2020

MA NOUVELLE VIE EUROPÉENNE

MA NOUVELLE VIE EUROPÉENNE

Abou Bakar Sidibé, Moritz Siebert | Tunesia, Germany 2019 | 22 Min. | OmeU

Austrian Premiere

In 2017, Abou Bakar Sidibé won the ethnocineca EVA-award as a co-director for his movie Les Sauteurs – Those Who Jump, a documentation about his escape from Mali to Europe. As he finally arrived at the European continent, he sensed a feeling that a new, better life would await him. But while Les Sauteurs was screening at international film festivals all over the world, Sidibé lives in a Bavarian refugee camp. An artist, seen and heard, but at the same time trapped within a tristesse and boredom of a remote refugee camp.
Ma Nouvelle Vie Européenne is a continuation of Les Sauteurs, a depiction of the sobering life after fleeing and seeking freedom, only to be trapped again.

Website Film


Directors: Abou Bakar Sidibé and Moritz Siebert
Camera and Sound: Abou Bakar Sidibé, Clemens Nürnberger, Neuton Berlin
Editing: Cora Czarnecki
Producer: Moritz Siebert


Screenings
Premiere at the International Shortfilm Festival Oberhausen, Germany 2019 (Winner Main Award German Competition)
Human Rights Film Festival Germany, Nürnberg, Germany 2019
Kasseler Dokfest 2019, Germany
Scanorma, New Baltic Film , Vilnius 2019
Moviement Film Festival, Thessaloniki, Greece, 2019


Biography Abou Bakar Sidibé
Abou Bakar Sidibé from Mali was born in 1985. After earning a university degree in English, he worked as a teacher, constructions worker, market carrier and lecturer.

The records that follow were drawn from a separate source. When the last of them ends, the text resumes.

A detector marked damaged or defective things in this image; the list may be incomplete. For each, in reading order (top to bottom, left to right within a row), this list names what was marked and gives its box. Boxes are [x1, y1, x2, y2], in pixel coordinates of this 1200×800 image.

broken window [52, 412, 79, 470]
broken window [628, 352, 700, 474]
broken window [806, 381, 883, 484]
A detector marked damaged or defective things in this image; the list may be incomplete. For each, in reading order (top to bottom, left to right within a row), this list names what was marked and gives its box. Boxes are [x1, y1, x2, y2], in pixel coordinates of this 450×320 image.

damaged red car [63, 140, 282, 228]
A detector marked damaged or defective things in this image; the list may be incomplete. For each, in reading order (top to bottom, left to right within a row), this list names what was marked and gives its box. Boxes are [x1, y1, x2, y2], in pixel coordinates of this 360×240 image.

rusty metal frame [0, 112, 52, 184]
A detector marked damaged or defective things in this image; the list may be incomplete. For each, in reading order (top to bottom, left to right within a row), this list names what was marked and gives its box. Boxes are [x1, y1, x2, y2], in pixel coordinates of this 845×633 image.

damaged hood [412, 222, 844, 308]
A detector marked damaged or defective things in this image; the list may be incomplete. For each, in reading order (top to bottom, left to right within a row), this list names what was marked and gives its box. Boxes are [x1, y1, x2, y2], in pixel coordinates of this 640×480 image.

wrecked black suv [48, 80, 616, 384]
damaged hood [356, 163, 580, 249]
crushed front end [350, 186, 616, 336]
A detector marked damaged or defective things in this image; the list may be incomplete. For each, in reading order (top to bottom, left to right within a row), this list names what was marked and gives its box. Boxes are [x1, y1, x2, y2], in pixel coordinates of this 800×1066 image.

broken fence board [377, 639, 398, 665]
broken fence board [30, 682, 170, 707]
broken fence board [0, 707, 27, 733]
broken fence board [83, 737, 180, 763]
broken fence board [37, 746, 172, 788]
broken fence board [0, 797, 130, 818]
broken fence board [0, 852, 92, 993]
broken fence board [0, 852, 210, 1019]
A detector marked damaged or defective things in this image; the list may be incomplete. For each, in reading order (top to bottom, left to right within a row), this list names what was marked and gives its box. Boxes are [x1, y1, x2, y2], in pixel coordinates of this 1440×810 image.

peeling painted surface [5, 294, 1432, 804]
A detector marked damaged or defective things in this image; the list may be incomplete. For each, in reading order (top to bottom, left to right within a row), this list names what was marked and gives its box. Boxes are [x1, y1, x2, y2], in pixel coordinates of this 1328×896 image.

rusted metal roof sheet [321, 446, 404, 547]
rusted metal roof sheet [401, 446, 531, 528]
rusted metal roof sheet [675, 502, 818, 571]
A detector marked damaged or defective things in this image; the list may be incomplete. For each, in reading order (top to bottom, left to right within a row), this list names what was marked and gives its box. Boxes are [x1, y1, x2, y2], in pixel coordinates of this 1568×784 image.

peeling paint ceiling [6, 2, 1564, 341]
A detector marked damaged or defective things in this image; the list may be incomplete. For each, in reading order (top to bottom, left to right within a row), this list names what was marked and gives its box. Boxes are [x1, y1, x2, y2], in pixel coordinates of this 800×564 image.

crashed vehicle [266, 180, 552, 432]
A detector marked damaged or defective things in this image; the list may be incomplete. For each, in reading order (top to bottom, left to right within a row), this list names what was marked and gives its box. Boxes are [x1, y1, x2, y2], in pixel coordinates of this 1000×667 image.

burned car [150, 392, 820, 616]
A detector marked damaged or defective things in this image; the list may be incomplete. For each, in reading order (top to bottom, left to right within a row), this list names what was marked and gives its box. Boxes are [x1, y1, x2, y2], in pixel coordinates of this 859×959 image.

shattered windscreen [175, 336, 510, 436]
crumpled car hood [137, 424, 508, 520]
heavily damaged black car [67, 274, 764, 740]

Les Sauteurs, which premiered at 2016 Berlinale Forum and showed since than at almost 200 festivals world-wide and was awarded more than 25 prices was Abou’s first film. Abou currently live in Berlin, Germany where he continues to make films and studies to become a preschool teacher.

Biography Moritz Siebert
Moritz Siebert has worked on the subject of migration for the last 15 years getting inspired by the manifold stories of people on their search for a new home. At the same time his interest is to observe the receiving societies’ handling of migration which provides a great insight into the self-perception and level of openness of such societies. Originally trained as a medical doctor and anthropologist, Moritz studied documentary filmmaking at the National Film and Television School in the UK. Moritz lives in Berlin, where – besides working on his film projects – he continues to work in a hospital’s emergency ward as a physician.